# SUPPLIED MATERIAL
╭──
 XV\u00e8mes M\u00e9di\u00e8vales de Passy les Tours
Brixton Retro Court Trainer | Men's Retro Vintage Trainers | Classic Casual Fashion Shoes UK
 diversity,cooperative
╰──
╭──
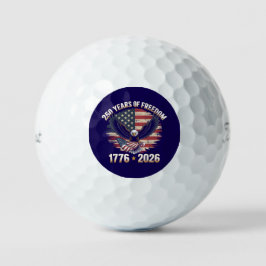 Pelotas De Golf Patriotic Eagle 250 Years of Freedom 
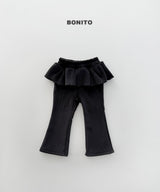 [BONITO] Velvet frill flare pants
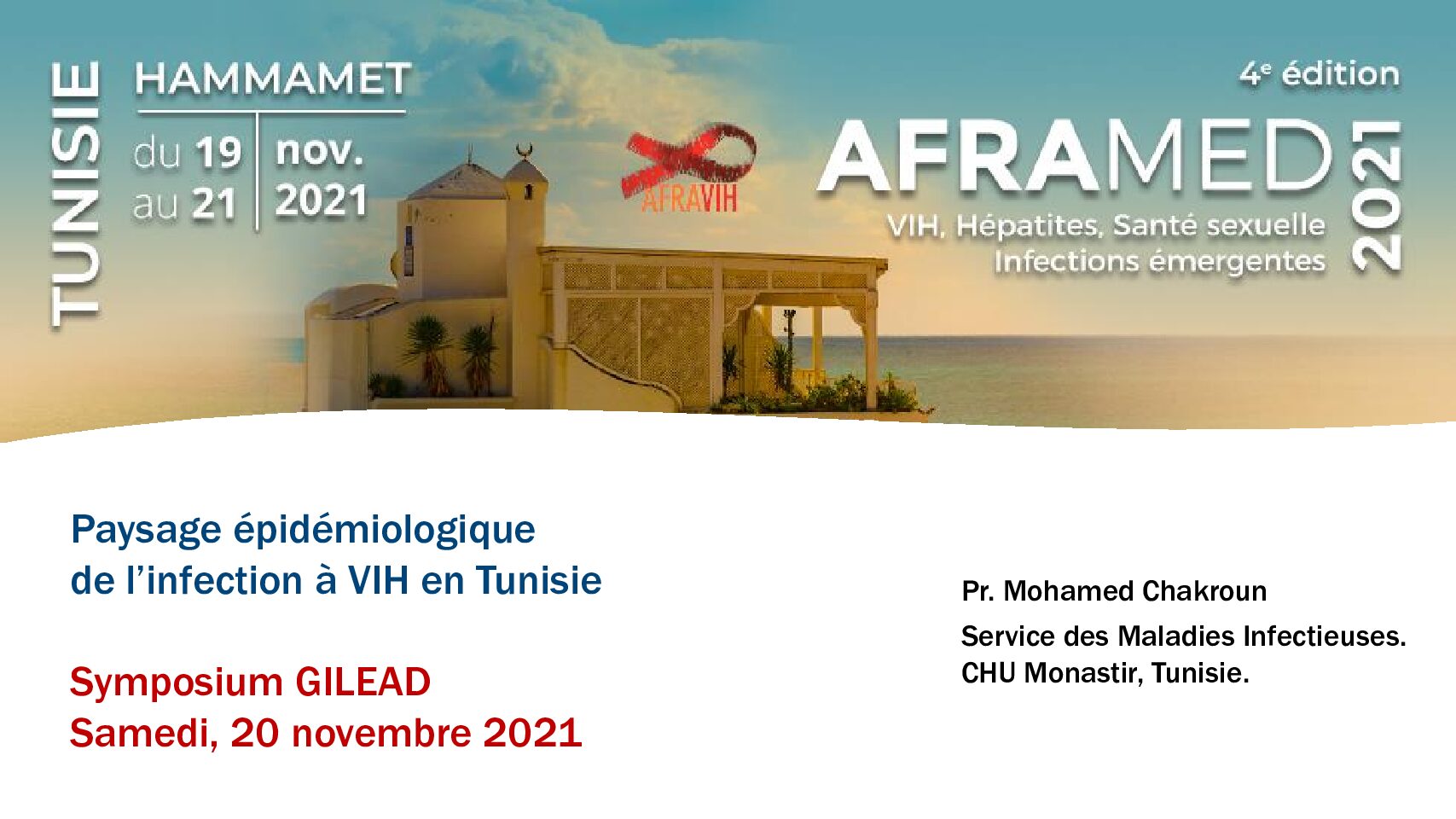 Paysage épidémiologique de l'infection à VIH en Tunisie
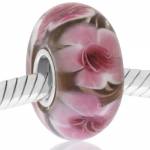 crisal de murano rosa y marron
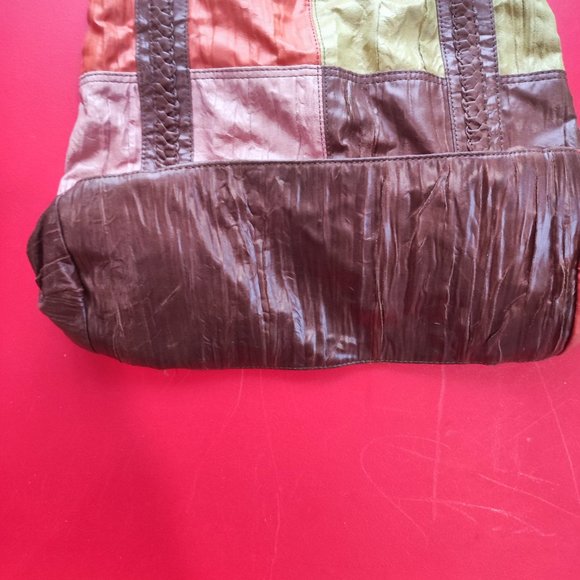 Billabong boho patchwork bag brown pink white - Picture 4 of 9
╰──
╭──
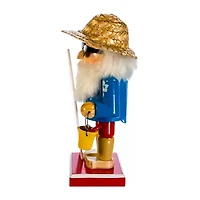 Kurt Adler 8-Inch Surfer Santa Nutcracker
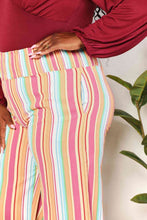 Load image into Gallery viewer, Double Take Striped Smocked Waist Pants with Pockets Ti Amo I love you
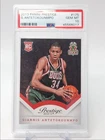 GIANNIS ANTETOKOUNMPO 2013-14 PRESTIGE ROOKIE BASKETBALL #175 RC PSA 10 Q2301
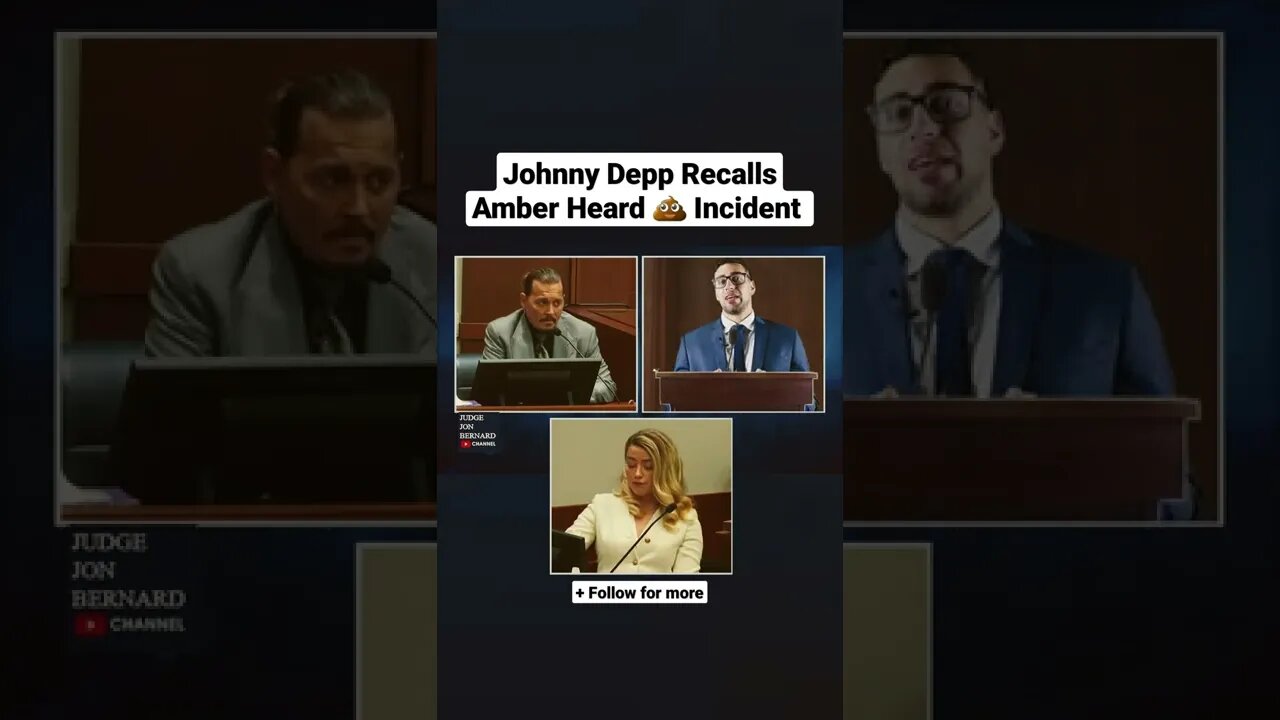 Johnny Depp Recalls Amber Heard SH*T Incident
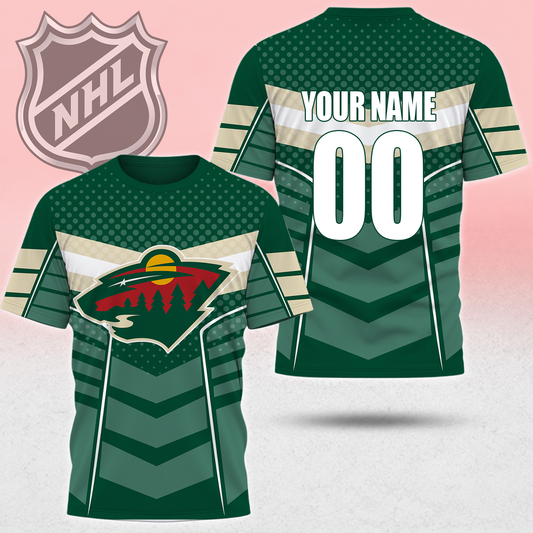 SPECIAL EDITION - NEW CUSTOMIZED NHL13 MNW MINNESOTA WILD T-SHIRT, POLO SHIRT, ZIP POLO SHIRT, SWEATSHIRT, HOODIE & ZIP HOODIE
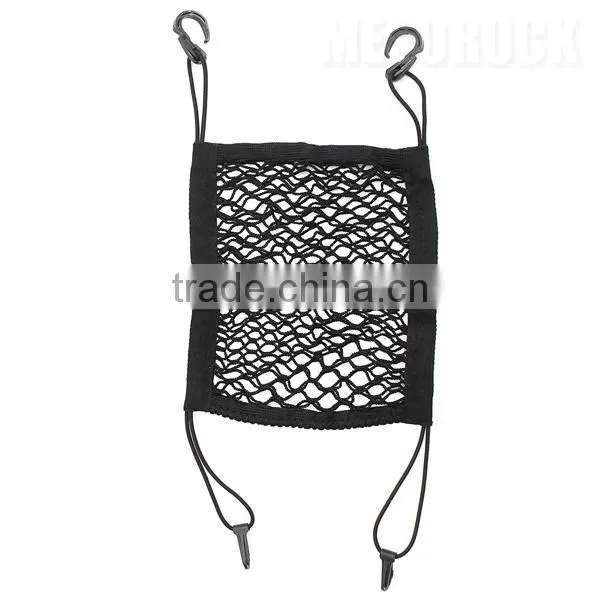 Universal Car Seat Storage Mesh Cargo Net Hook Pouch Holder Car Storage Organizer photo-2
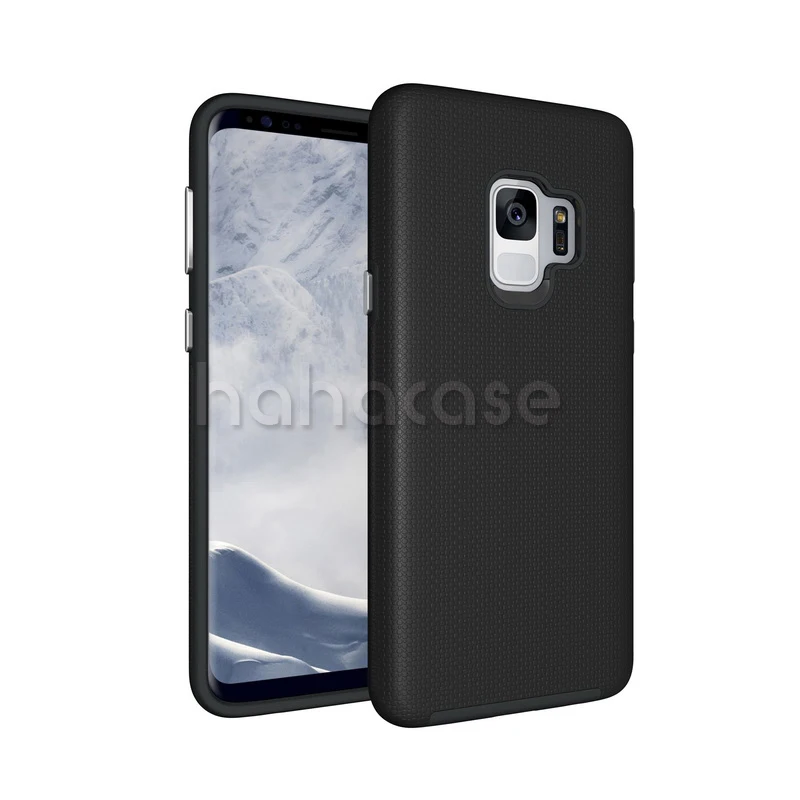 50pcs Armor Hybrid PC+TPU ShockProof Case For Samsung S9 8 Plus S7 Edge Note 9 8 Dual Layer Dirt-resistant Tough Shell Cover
╰──
# EXERCISE REQUIREMENTS
Precisely the lines between those holding "Brixton Retro Court" and "diversity,cooperative", inclusive, are to be reproduced from the listing above, with nothing added.

# WRITTEN ANSWER
Brixton Retro Court Trainer | Men's Retro Vintage Trainers | Classic Casual Fashion Shoes UK
 diversity,cooperative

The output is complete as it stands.